As part of the UiS’ aim to nurture internationalisation, the Department of Education and Sports Science proposed that Drama and Intercultural Communication should be instructed in English during the spring semester. This would make it possible for international students to sign up for the course.
Good environment
Drama and Intercultural Communication is a course with academic grounding in the performing arts and pedagogy. The course’s main goal is to promote communication through theatre in a multicultural society.
The programme is designed to teach students how drama can be applied in education and how it can help cross cultural borders. The programme is also offered to Norwegian students as a one-year course or as a part of a teaching degree. Sara and Karen are the only international students in the class, and they are enjoying it. They describe the Norwegian students as open and welcoming.
«Everyone has welcomed us from the start and we have not felt left out of anything but rather included in everything thats going on both in and outside of the classes. We have really got to know each other and we don`t feel like the people in our class are our class mates. They have become our friends», Sara says.
Drama as method
As teacher-students in Belgium Karen is studying to be a teacher in secondary school and Sara in primary school. They both were recommended to study drama as exchange students and it was their teachers that told them about the University of Stavanger.
In Belgium drama is not normally a common method used by teachers in the classrooms and Sara and Karen had not much experience or knowledge about the subject before they went to Stavanger to study.

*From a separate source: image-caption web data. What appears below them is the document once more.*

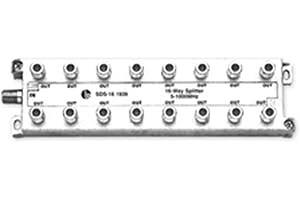 BLONDER TOUNGUE Blonder Tongue 16 Way Splitter SDS-16
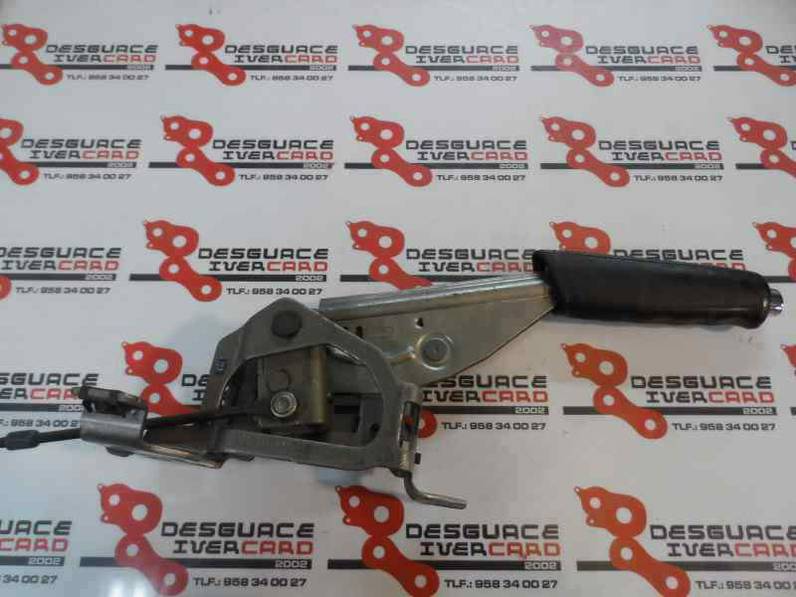 PALANCA FRENO DE MANO SKODA OCTAVIA BERLINA 2012 1.6 (102 CV)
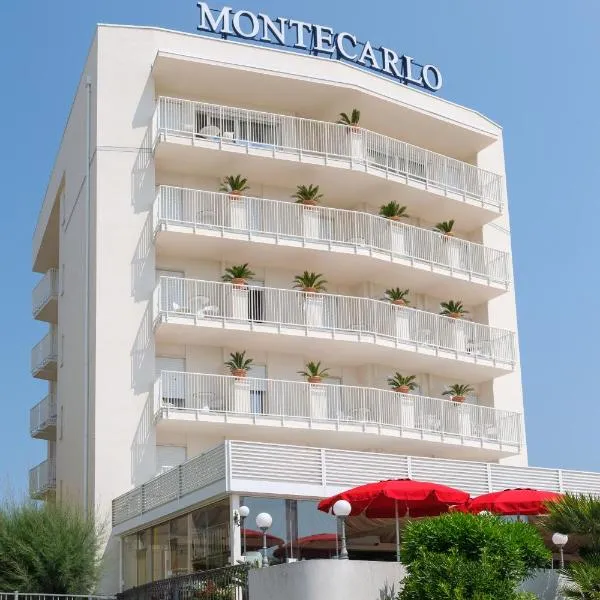 Hotel Montecarlo, hotel en Lido di Jesolo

«I was informed by one of my teachers to study drama to understand how teachers can use drama as a method to engage and inspire the pupils. My teacher told me that the Scandinavian countries were well known for using drama as a method in the classroom, and I chose Norway and Stavanger because it seemed a good country and a good university», Karen says.
Preparing a play
Sara and Karen just came home from a study trip to Denmark. As part of the course, the drama class attended a theatre festival in Copenhagen. Now they are working hard to get their play ready for performances from 11- 14. of may. This is the last play before their practical exam in the end of May and the written exam in June.
«Our group`s play is a comedy about the financial situation in Southern Europe and is about some Italian women who find out that they don`t want to pay for their food anymore and start stealing. Their husbands are not too happy about that, and a conflict unveils», Sara says.
The Belgian exchange students really look forward to show school pupils their play in May and enjoying the time they get on the stage together with their friends in their class.
Cultural barrier
Sara and Karen also have learned more about the Norwegian culture during this semester. In some of the exercises they do before their lessons there are elements of acting and becoming a word. Karen once got the word fire and had to jump on the person next to her to get away from the imaginative «flames».
«The person standing next to me was one of my teachers and the exercise involved that I had to jump up and she had to hold me tight. My first thought was: I can`t jump at my teacher. In Belgium that would not be a very good idea. But I soon realized that the teacher-student relationship is more relaxed here than back home. Here you don`t have to address your teacher as «miss» and talk to her by her last name. It was a cultural barrier that we had to overcome», Karen says.
Ready to work
Around the 15. of June the Belgian exchange students are finishing their semester at the University of Stavanger and they are going home to Belgium to defend their bachelor paper. They are sad about leaving their friends in the class and the teachers, but they both agree that they feel more confident after this semester and that they now feel more ready for the teaching profession. In Belgium you can start working as a teacher after you have finished a 3-year bachelor degree so both Sara and Karen are soon going to start applying for jobs.
«Standing on a stage performing is a lot like standing in front of pupils in a classroom. I feel that this semester has made me ready to work as a teacher and I think it also has made the transition from student to teacher much easier. Every day I have learned something that I can use professionally and I already planned to use several of the methods we have learned when I start working as a teacher», Sara says.